Galaxy S10 And S10 Plus Selling Like Hot Cakes? Devices Go Out Of Stock
Now that the Samsung Galaxy S10 lineup is official, it’s time to start looking at how well. the devices are fairing in the market. Last year’s Galaxy S9 launch was also a heavily publicized affair, but Samsung failed to convert all the glitz around its high-end gadgets into actual sales revenue. Will this year prove any different? The stars do seem to point in the direction, but the starts can also be read wrong. Take a look below for more details.
Some T-Mobile Galaxy S10 And Galaxy S10 Plus Variants Go Out Of Stock On Samsung’s Online Store
As initial orders for the Samsung Galaxy S10 lineup start to take place, they’ll allow us to gauge if Samsung’s 2019 flagship smartphones fare any better than their predecessors did. As mentioned above, Samsung’s S9 lineup failed to impress users, and as a result, the devices did not sell even marginally as well as Samsung would have wanted them to.
PhoneArena now reports that some variants of the Galaxy S10 and Galaxy S10 Plus have started to go out of stock on Samsung’s online store. The two variants in question are the Prism White 128GB S10 and S10 Plus. Additionally, the Prism Blue Galaxy S10 has also sold out, and all these devices have T-Mobile listed as their carrier.
According to Samsung’s website, these variants of the S10 and S10 Plus will now ship between March 27 and April 19. That’s a lot of time to wait for the smartphone, but if we’re honest, the White variants of the gadgets really are worth the wait. Of course, whether the device will perform according to current flagship standards will be known once they are commonly available in the market. We’ve got high hopes from them, and initial benchmarks of the smartphones have not disappointed.

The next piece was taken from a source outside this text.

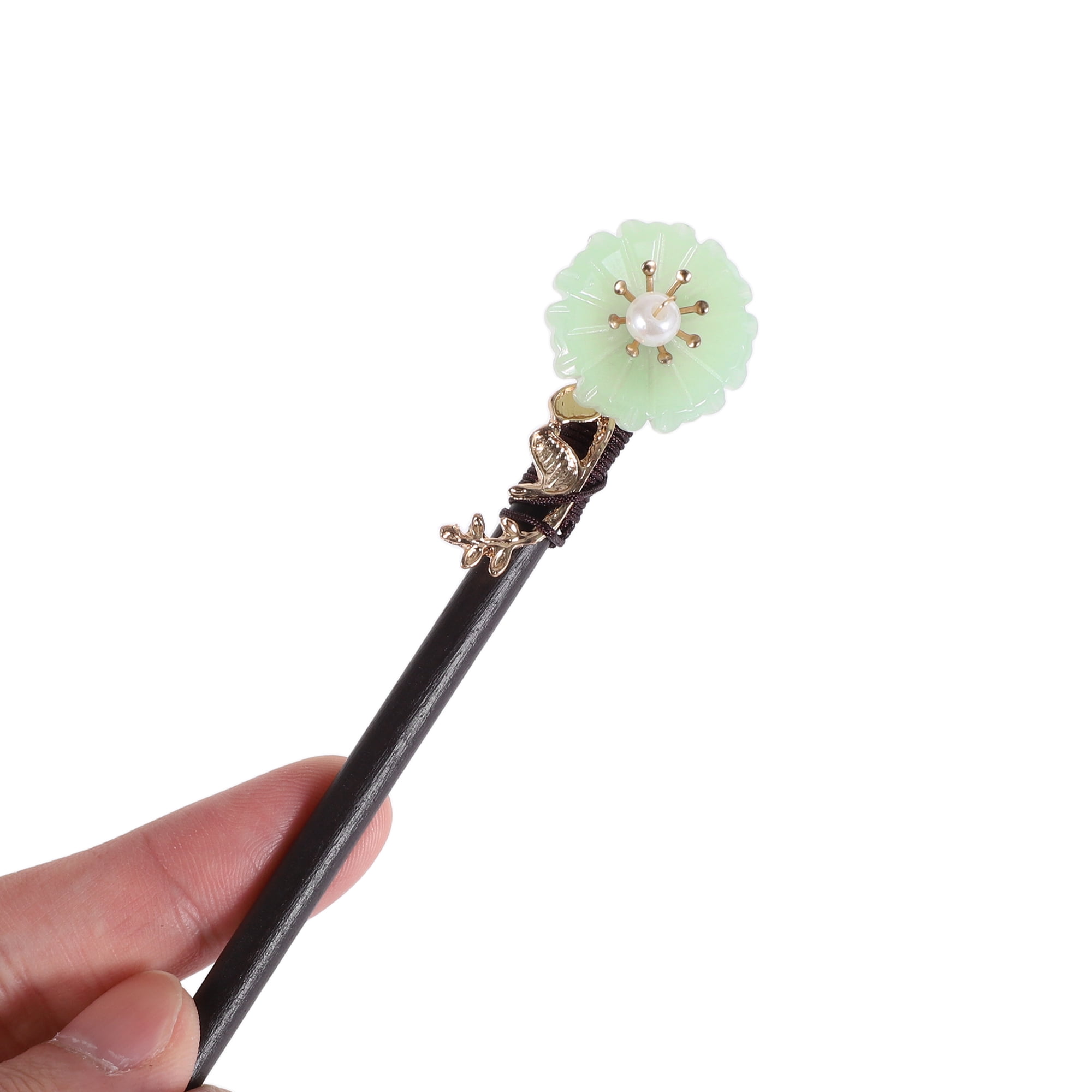 Unique Bargains Hair Chopstick for Women Black Green 1 Pc [Magpie Tassel]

For those of you who are making comparisons, keep in mind that the Galaxy S10 and Galaxy S10 Plus are directly comparable to Apple’s 2018 iPhone lineup. This isn’t because of Apple being ‘ahead’ of Samsung, but instead, it’s because of the two companies’ differing launch cycles. Both the iPhones’ and S10s’ processors are manufactured on TSMC’s 7nm process, with the only exception being Samsung’s Exynos 9820 that powers the international Galaxy S10 variants.